*Data below*:

──────────────────────────────

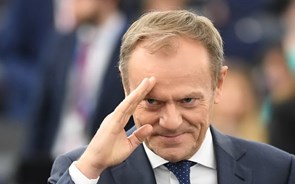 Sondagens à boca das urnas na Polónia dão vitória ao partido no poder mas maioria à oposição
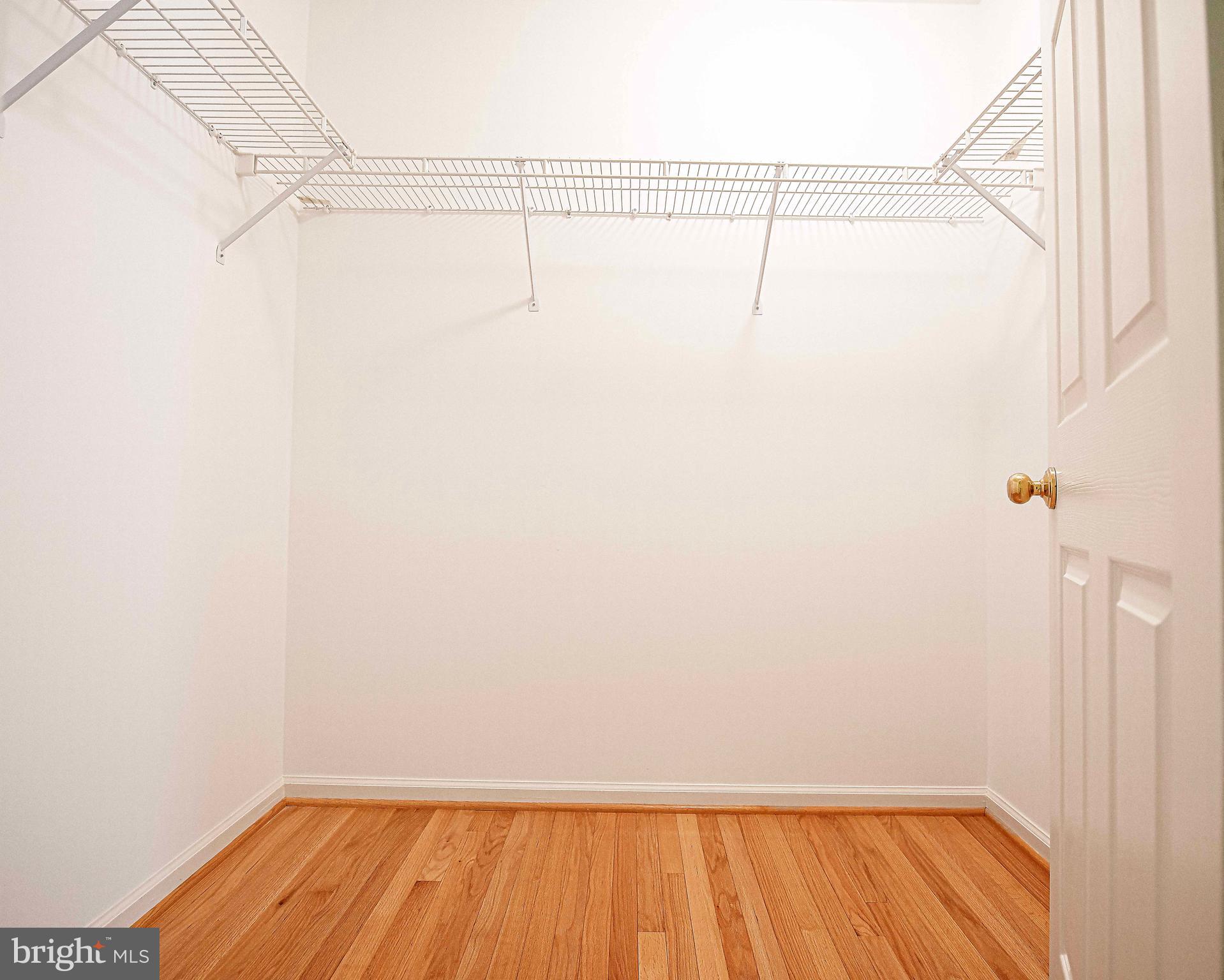 VINEYARD OAK - Residential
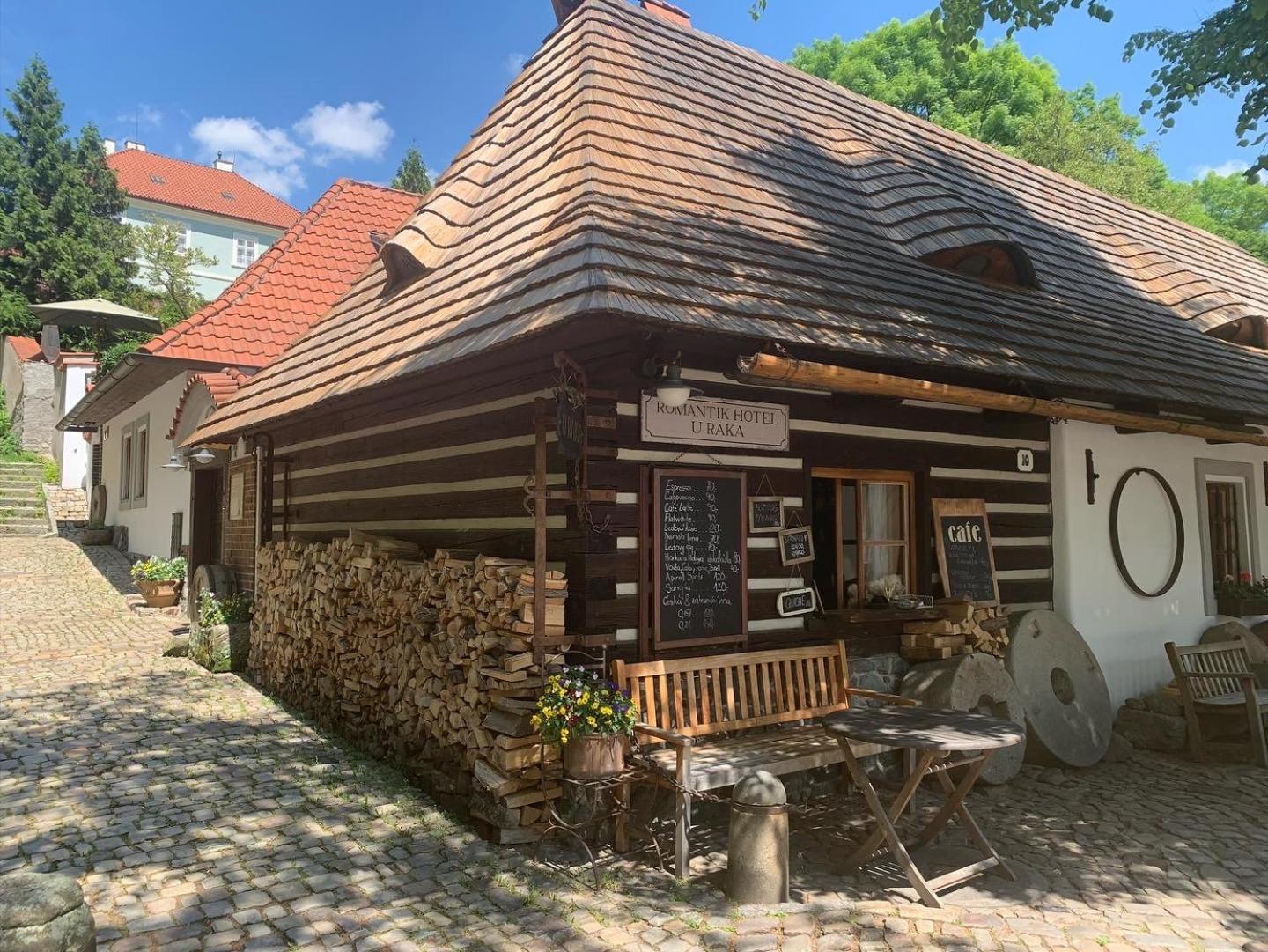 Romantik Hotel U Raka Prag Exterior foto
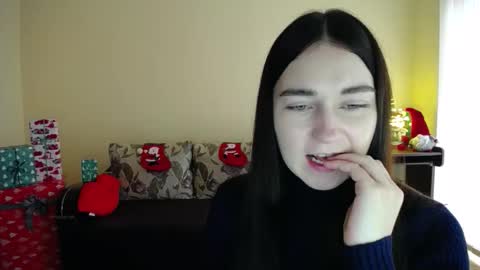 Jaklin online show from 12/17/25, 09:26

──────────────────────────────

*About this task*: Leaving every picture aside, repeat the listing exactly.

*Written response*:
 Sondagens à boca das urnas na Polónia dão vitória ao partido no poder mas maioria à oposição
 VINEYARD OAK - Residential
 Romantik Hotel U Raka Prag Exterior foto
 Jaklin online show from 12/17/25, 09:26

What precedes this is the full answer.